* SOURCE MATERIAL
'''
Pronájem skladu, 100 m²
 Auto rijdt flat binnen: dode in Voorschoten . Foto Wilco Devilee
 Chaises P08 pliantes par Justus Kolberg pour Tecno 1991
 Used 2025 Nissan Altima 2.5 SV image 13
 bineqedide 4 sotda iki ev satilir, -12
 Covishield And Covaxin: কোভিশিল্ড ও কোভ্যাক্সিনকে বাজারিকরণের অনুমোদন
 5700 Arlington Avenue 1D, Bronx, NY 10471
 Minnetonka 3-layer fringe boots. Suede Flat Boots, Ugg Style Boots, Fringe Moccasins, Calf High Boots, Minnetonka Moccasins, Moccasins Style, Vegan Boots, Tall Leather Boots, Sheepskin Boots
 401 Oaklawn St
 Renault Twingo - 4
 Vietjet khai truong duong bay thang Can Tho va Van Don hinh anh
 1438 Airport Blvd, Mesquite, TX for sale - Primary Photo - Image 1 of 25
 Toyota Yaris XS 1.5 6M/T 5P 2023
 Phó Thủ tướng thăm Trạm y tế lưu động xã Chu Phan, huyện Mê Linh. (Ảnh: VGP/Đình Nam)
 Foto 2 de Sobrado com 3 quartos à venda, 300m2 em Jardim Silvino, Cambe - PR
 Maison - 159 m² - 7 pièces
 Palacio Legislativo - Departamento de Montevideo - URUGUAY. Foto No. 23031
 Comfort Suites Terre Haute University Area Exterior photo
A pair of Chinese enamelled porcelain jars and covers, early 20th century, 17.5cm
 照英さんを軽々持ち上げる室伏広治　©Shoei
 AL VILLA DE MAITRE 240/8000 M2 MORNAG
'''
* WHAT THIS TASK INVOLVES
Everything in the data should be copied exactly. Leave nothing out.

* PROBLEM SOLUTION
Pronájem skladu, 100 m²
 Auto rijdt flat binnen: dode in Voorschoten . Foto Wilco Devilee
 Chaises P08 pliantes par Justus Kolberg pour Tecno 1991
 Used 2025 Nissan Altima 2.5 SV image 13
 bineqedide 4 sotda iki ev satilir, -12
 Covishield And Covaxin: কোভিশিল্ড ও কোভ্যাক্সিনকে বাজারিকরণের অনুমোদন
 5700 Arlington Avenue 1D, Bronx, NY 10471
 Minnetonka 3-layer fringe boots. Suede Flat Boots, Ugg Style Boots, Fringe Moccasins, Calf High Boots, Minnetonka Moccasins, Moccasins Style, Vegan Boots, Tall Leather Boots, Sheepskin Boots
 401 Oaklawn St
 Renault Twingo - 4
 Vietjet khai truong duong bay thang Can Tho va Van Don hinh anh
 1438 Airport Blvd, Mesquite, TX for sale - Primary Photo - Image 1 of 25
 Toyota Yaris XS 1.5 6M/T 5P 2023
 Phó Thủ tướng thăm Trạm y tế lưu động xã Chu Phan, huyện Mê Linh. (Ảnh: VGP/Đình Nam)
 Foto 2 de Sobrado com 3 quartos à venda, 300m2 em Jardim Silvino, Cambe - PR
 Maison - 159 m² - 7 pièces
 Palacio Legislativo - Departamento de Montevideo - URUGUAY. Foto No. 23031
 Comfort Suites Terre Haute University Area Exterior photo
A pair of Chinese enamelled porcelain jars and covers, early 20th century, 17.5cm
 照英さんを軽々持ち上げる室伏広治　©Shoei
 AL VILLA DE MAITRE 240/8000 M2 MORNAG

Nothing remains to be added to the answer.